S.: L’anno dopo la Fiorentina ti dette in prestito alla Lucchese. Ti dispiacque molto trovarti in serie C dopo aver sentito il profumo della massima serie?

P.: Beh, un po’ sì, però a Lucca mi trovai benissimo. Vivevo insieme agli altri scapoli della squadra. Ricordo con nostalgia le vasche su e giù per via Fillungo…

S.: In che ruolo giocavi?

P.: Ala destra. A fine stagione misi in carniere un buon bottino: 8 reti.

S.: Prosegue quindi la tua carriera in Toscana.

P.: Già, l’anno dopo sono a Livorno in serie B. Non è stato un anno particolarmente bello; tra l’altro facevo il militare nella Compagnia Atleti di Roma e forse il rendimento sul campo un po’ ne risentì. La stagione seguente rientrai ancora a Firenze, dato che sia a Lucca che a Livorno ero in prestito. Questo è un aneddoto interessante: era la stagione 1966/67, ero ancora sotto la naja. La Fiorentina mi convocò per una partita, dandomi l’opportunità di ri-esordire in serie A. Partii alla volta di Firenze dalla caserma di Roma. A Grosseto mi dissero che non si poteva proseguire per la piena del fiume Ombrone; in treno iniziai un’odissea incredibile, dirigendomi verso Ancona, poi di nuovo fino a Bologna. Da Bologna raggiunsi Firenze in macchina. Era venerdì 4 novembre 1966. L’Arno era strariparo e io e i miei compagni di squadra ci ritrovammo allo stadio comunale a distribuire viveri agli alluvionati.
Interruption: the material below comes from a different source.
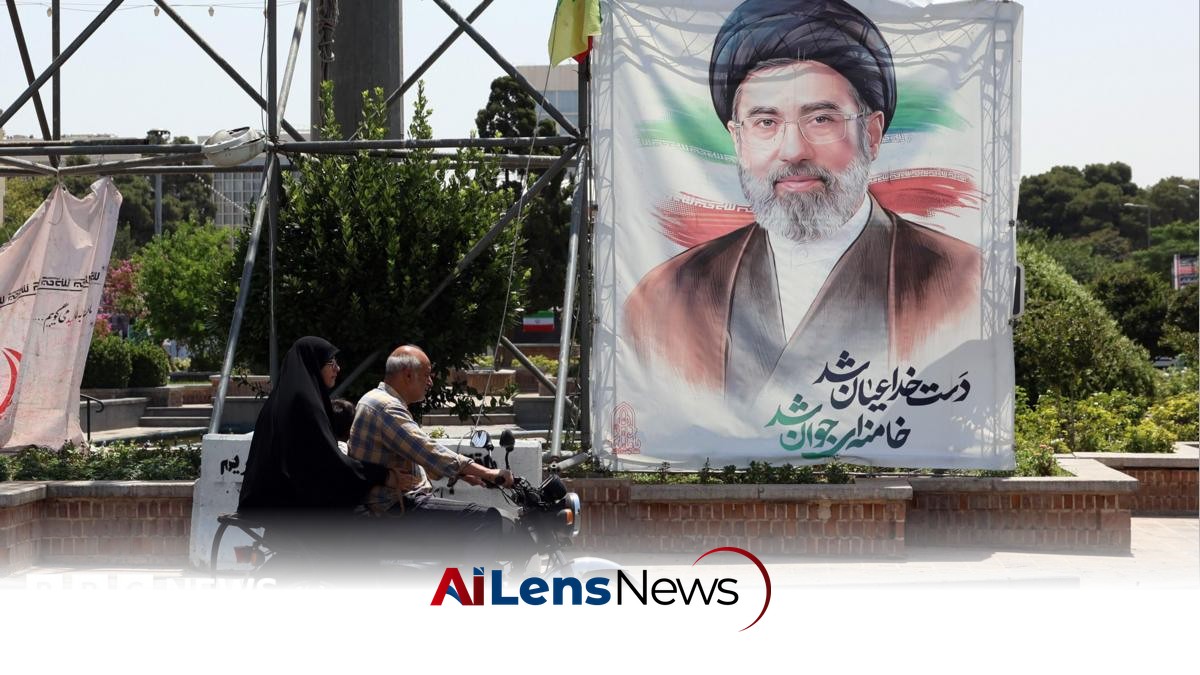 Iran says Strait of Hormuz closed 'until further notice'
S.: Così, dal possibile ritorno in serie A, ti trovasti in serie B a Pisa, squadra alla quale ti cedette la Fiorentina. Giusto?
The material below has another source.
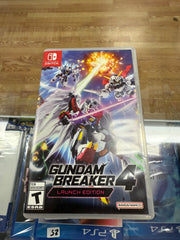 Gundam Breaker 4 [Launch Edition]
P.: Proprio così. Gran begli anni quelli sotto la Torre! Dopo un primo anno così così sul campo, arrivammo secondi alle spalle del Palermo e insieme al Verona salimmo in serie A. Quell’anno feci ben 13 gol, il mio record personale. Nel 1968/69, al mio terzo anno in nerazzurro, ero finalmente titolare in serie A. Peccato che retrocedemmo subito al termine di quella stagione.

S.: Eravate così scarsi?

P.: No, anzi, con un pizzico di fortuna in più ci saremmo potuti salvare. C’erano dei buoni giocatori in quella rosa: Gonfiantini, Piaceri, Joan, Mascalaito, Ripari.
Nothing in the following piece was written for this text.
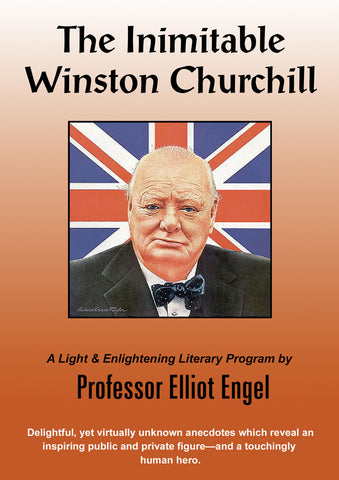 The Inimitable Winston Churchill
S.: C’era già il mitico presidente Romeo Anconetani?

P.: Sì, ma non era presidente. Faceva il mediatore, una figura scomparsa, da non confondere con il procuratore. Fu lui che per la stagione 1969/70 mi fece trasferire al Napoli, squadra che scelsi preferendola al Verona, che pure mi voleva. A Verona allenava mister Lucchi, che avevo avuto a Pisa e col quale avevo un ottimo rapporto, ma Napoli era Napoli.

S.: Ok, grazie Pa’, per oggi finiamo qui con la fine della tua avventura in Toscana.